▸ Exercise description:
In the records below, find the line containing "Wilton Cookie Cutter", then copy that line and all lines after it, exactly, omitting every picture.

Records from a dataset
※
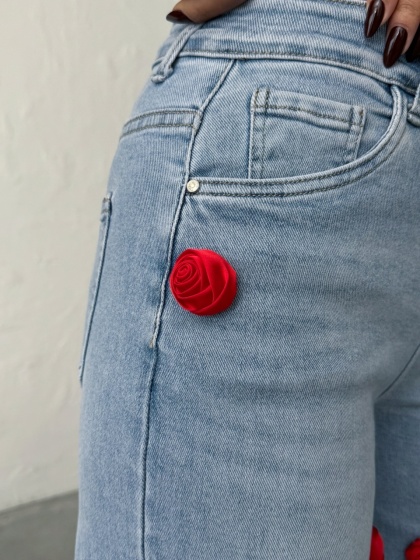 Blugi wide leg cu aplicatii florale rosii - Img 6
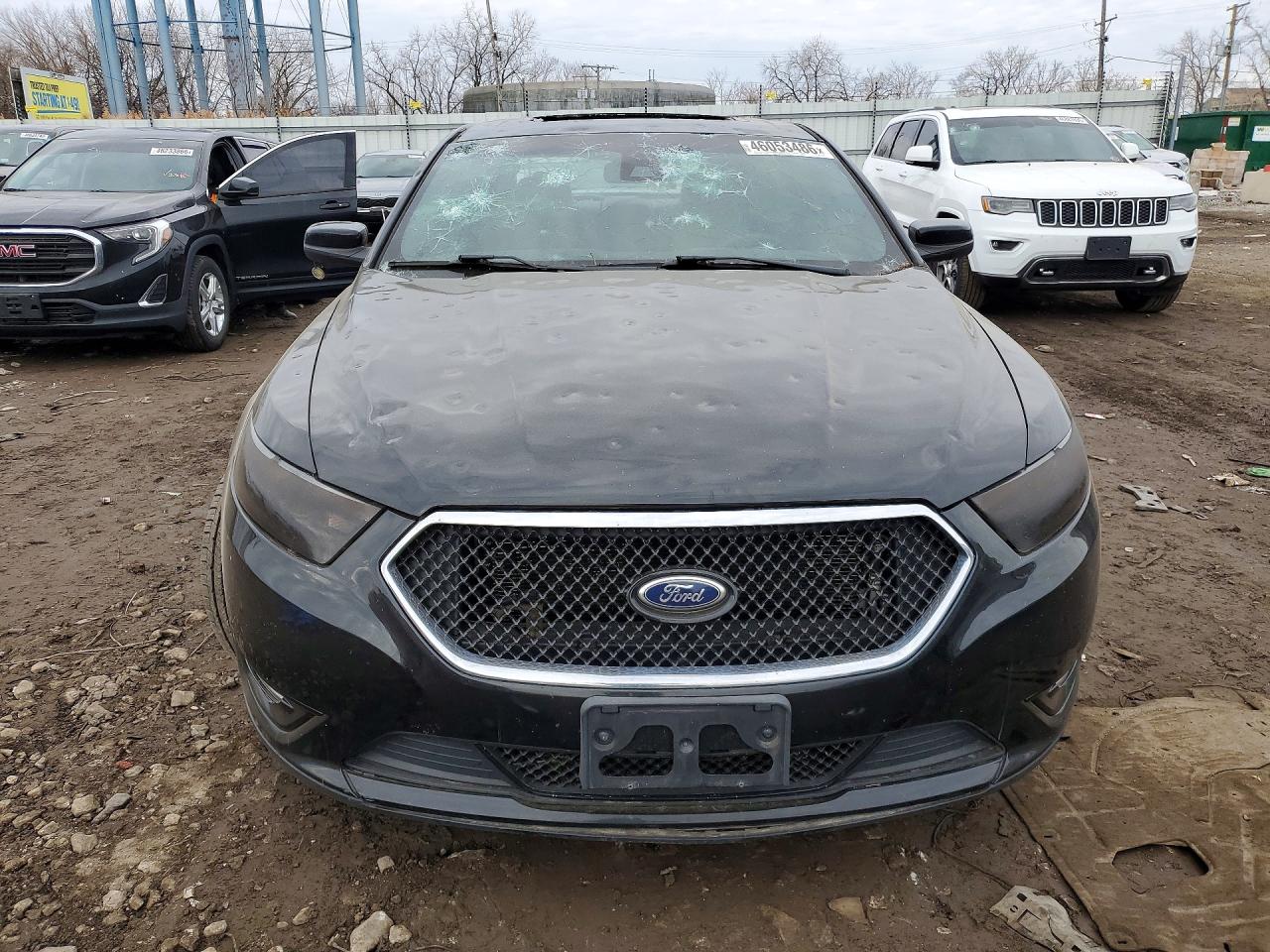 Ford Taurus Sho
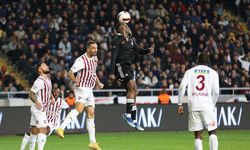 Beşiktaş, Hatayspor'u 2 golle devirdi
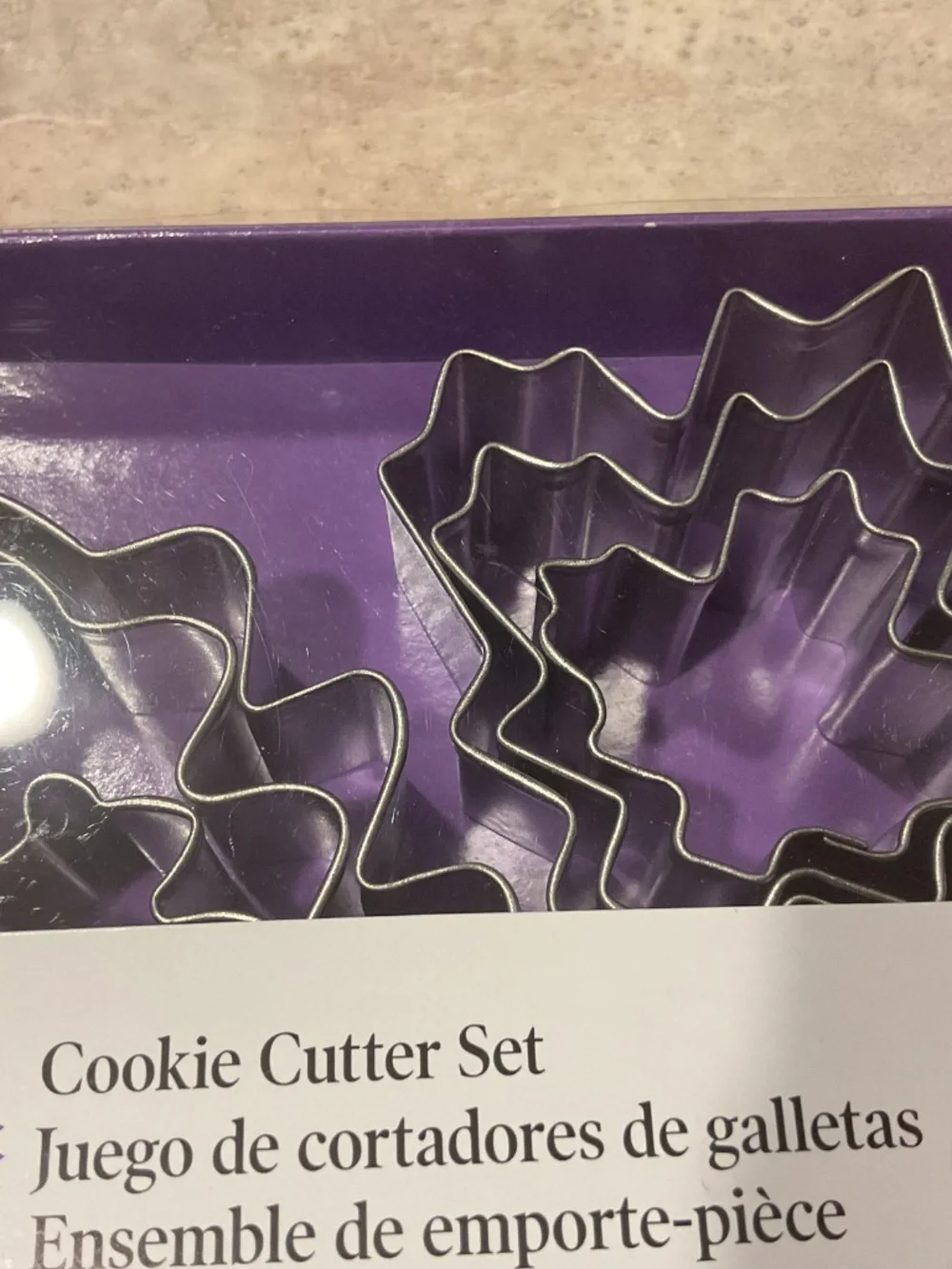 Wilton Cookie Cutter Set 9 pc Acorn Maple Leaf Oak Leaf 2011 New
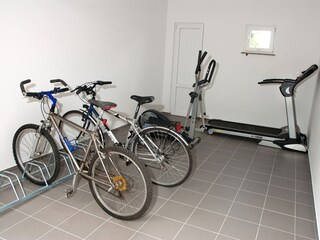 Fitness room, 4 bicycles for use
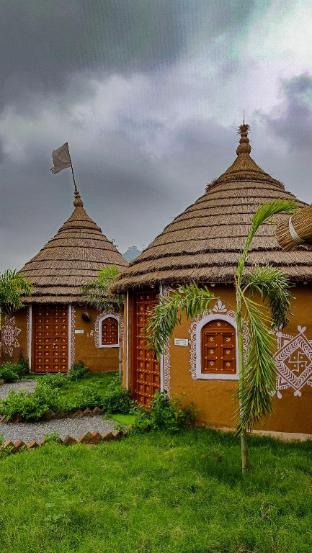 Ret Mahal Huts & Resort — 4-Star Luxury Hotel in Pushkar, India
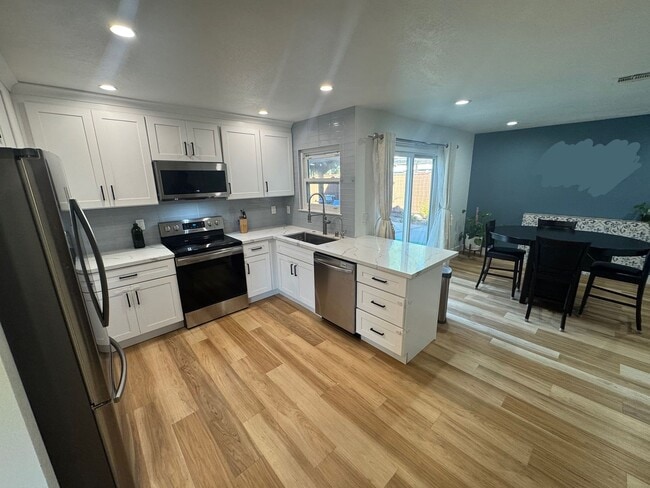 Building Photo - Bright and Modern 3BD/2BA Single-Family Ho...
※
▸ Response area:
 Wilton Cookie Cutter Set 9 pc Acorn Maple Leaf Oak Leaf 2011 New
 Fitness room, 4 bicycles for use
 Ret Mahal Huts & Resort — 4-Star Luxury Hotel in Pushkar, India
 Building Photo - Bright and Modern 3BD/2BA Single-Family Ho...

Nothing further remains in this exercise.